I do not believe mountain bikes contribute to the development of humility, nor a sense of dependence, interdependence, and responsibility. There are four major reasons why mountain biking should not be permitted in officially designated wilderness areas or in any areas that are strong candidates for wilderness designation.
Legal. The Wilderness Act is unambiguous about the kinds of activities that are deemed acceptable in designated wilderness – namely travel without “mechanical advantage.” The rationale for the law, as stated in its opening paragraph, is “to assure that an increasing population, accompanied by expanding settlement and growing mechanization, does not occupy and modify all areas within the United States and its possessions, leaving no lands designated for preservation and protection in their natural condition.” Mountain bikes are part of that growing mechanization. The sophisticated advancement of mountain bike technology reduces the natural limits imposed by primeval character, whereas those walking or traveling by horse remain within natural limits.
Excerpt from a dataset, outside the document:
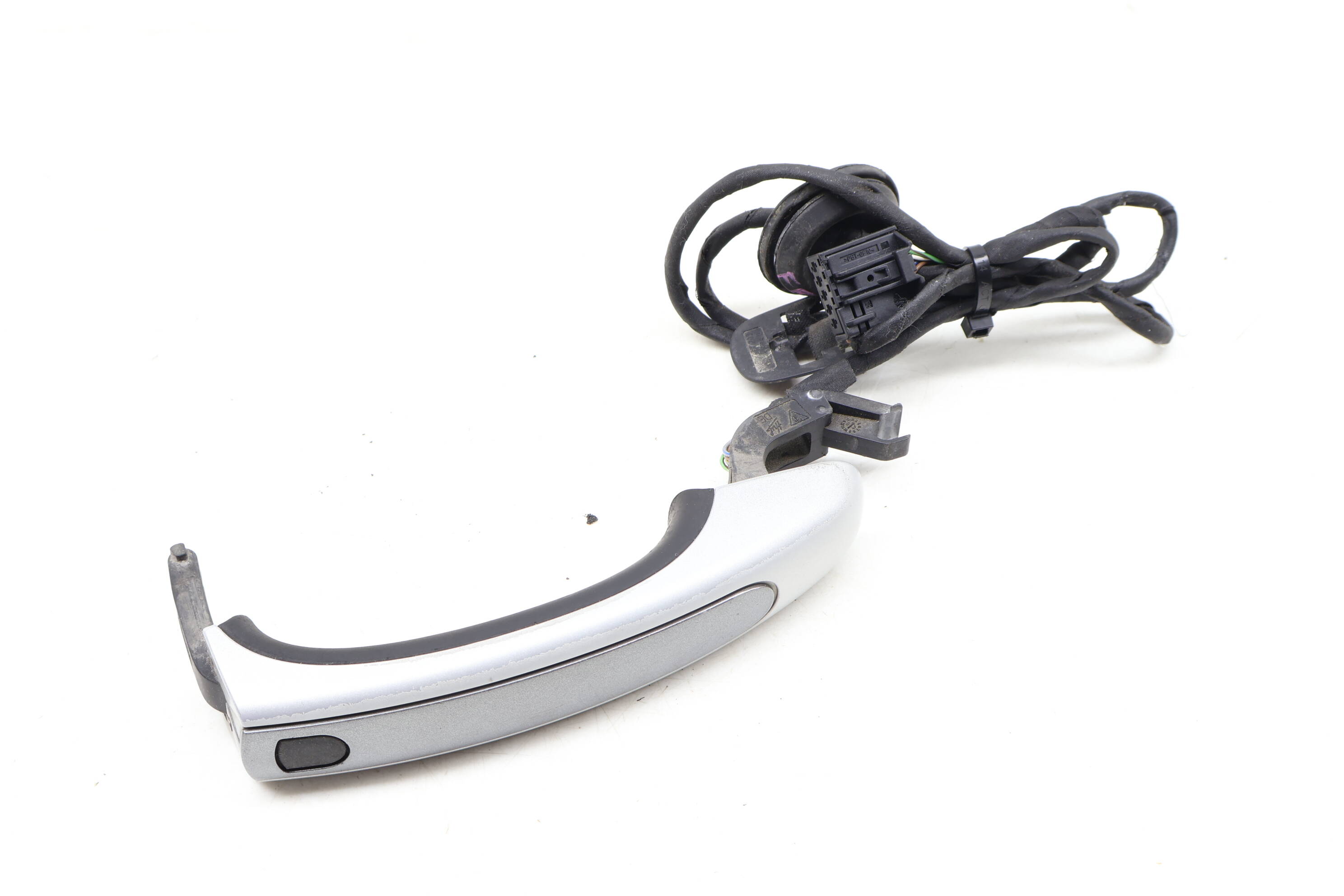 Exterior Door Handle 7L5837205B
Ecological. Bike proponents often suggest that mountain bikes may do less damage than a pack of horses or even a Boy Scout troop. This is a specious argument. The cumulative effects of numerous tires create additional erosion, sedimentation in streams, and potential for trail damage. The idea that some activities do more damage than another is not a reason to expand damaging activities. There is a cumulative impact from all uses, and adding to existing use can only increase impacts. The main goal of wilderness designation is to preserve wild nature, not to preserve recreational opportunity.
Sociological. Any mechanical advantage – whether it is a dirt bike or a mountain bike – shrinks the backcountry. This has several effects. Those walking are easily surpassed by those using mechanical means, which can psychologically dismay other users. On heavily used trails, the threat of a fast moving bike changes the experience for other trail users. If you are a hiker, the ability to relax and soak in the natural world is impeded when one is anxious about having to jump out of the way of a bike.
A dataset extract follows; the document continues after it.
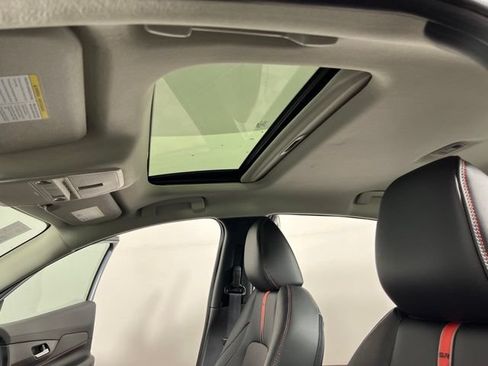 New 2026 Nissan Sentra SR w/ SR Premium Package FWD image 33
Philosophical. The spirit and letter of the Wilderness Act is to protect lands that retain their “primeval character and influence.” The more advanced the technology that we drag along with us, the greater our alienation from the spiritual values of wilderness areas. To many who are walking in quiet contemplation of nature, mountain bikes are an intrusion. They are no different to many wildlands enthusiasts than if a bike were to invade the Sistine Chapel or were ridden in the Arlington National Cemetery. The fact that many mountain bikers are oblivious to the spiritual values inherent in wildlands is one reason why those walking find mountain biking obnoxious at best, and even disrespectful.
For me – and many of my fellow wilderness advocates – the goal of conservation is to preserve the remnants of wild nature, not to protect self-indulgent recreational opportunities. With ever more technological gadgets available for distraction and diversion, we need the sanctity and self-restraint that Wilderness Areas represent more than ever.